From: Michael S. Tsirkin
Subject: Re: [Qemu-devel] [RFC] New Migration Protocol using Visitor Interface
Date: Mon, 3 Oct 2011 15:24:45 +0200
User-agent: Mutt/1.5.21 (2010-09-15)

On Mon, Oct 03, 2011 at 07:51:00AM -0500, Anthony Liguori wrote:
> >Here are some suggestions:
> >
> >- Let's make the protocol be BER directly.
> >   As a first step, use a single octet string for
> >   the whole of data. Next, start splitting this up.
> 
> This can't be done without breaking the old style migration
> protocol.  I don't have a problem with that but I do have a problem
> with repeatedly breaking migration protocol.

As long as this is within a release cycle, is this a real problem?

I think switching to BER then imediately releasing will be
a mistake. Let's switch, iron out bugs and add features.

> The Visitor interface is very little abstraction over a native BER
> interface. It lets us introduce BER incrementally while still
> supporting the old protocol.
> 
> >
> >- Don't try to use arrays at all. They don't make sense
> >   in either jason or asn. Instead, use sets for unordered
> >   data and sequences for ordered data.
> 
> sequences map to visit_start_array() pretty well.
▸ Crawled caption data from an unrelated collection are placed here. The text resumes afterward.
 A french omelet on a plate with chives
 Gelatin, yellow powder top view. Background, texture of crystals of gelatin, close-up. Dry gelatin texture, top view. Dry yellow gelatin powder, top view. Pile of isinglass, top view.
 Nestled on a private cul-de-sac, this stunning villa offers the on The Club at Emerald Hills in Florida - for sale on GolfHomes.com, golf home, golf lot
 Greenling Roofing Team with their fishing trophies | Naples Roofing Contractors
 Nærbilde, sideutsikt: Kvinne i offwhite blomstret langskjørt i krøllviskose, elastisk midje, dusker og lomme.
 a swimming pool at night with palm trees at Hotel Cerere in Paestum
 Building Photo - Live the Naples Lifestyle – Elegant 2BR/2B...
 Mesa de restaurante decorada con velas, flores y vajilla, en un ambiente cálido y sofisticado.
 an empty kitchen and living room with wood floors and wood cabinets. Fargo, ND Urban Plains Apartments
You would do something like:
> 
> visit_start_array(v, "entries", errp);
> for (int i = 0; i < s->size; i++) {
>     visit_type_int(v, NULL, &s->entry[i], errp);
> }
> visit_end_array(v, errp);

Sequences can encode structures not just arrays.
How would you encode this for example:

SEQUENCE OF { VQN: INTEGER, SEQUENCE { OPTIONAL VECTOR: INTEGER}  }

This is a natural description of a virtio device.

Yes we can unwrap this to a structure of arrays but
this is tweaking protocol to match implementation.
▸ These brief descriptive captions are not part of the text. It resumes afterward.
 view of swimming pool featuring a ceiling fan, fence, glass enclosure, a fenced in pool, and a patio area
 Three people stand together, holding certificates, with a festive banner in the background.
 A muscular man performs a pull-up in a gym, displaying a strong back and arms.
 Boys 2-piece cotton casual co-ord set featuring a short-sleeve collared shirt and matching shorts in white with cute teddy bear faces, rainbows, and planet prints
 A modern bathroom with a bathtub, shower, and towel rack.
> >- Most data should be unordered: we don't normally care
> >   in which order we get device attributes.
> >   So we would have set of sequences, and
> >   each sequence is attribute name (ascii string) + attribute data
> 
> I'd actually be inclined to make everything ordered by default and
> not encode explicit field names.  I'm afraid that encoding field
> names on the wire is going to easily increase the amount of device
> state by an order of magnitude.

Assuming we worry about space used by name tags, let's use
content-specific tags.

> >- This does not discuss how we will handle cross version
> >   migration in a lot of detail. Presumably you expect capability magic to
> >   work for this. However this does not work for migration to file.
> >   A self describing format makes a much simpler solution possible:
> >   separating attributes which destination must parse from those
> >   it can skip safely. If destination sees an attribute
> >   that was marked as must parse and does not recognize it,
> >   migration fails. If not, just skip the attribute.
> 
> Compatibility and the wire format are more or less orthogonal.  A
> self describing format helps eliminate a class of bugs but getting
> compatibility right requires quite a bit more.
> 
> Regards,
> 
> Anthony Liguori

So I think we do care about compatibility.
I think this is by far the most interesting part of the problem.
And making that robust IMO pretty much requires not relying
on field order whenever we are not absolutely sure
no other order makes sense.

Content-specific tags as suggested above let us do unordered.
We lose the ability to easily examine
input by external tools but without field names
they won't be able to parse it so it's not all that valuable anyway.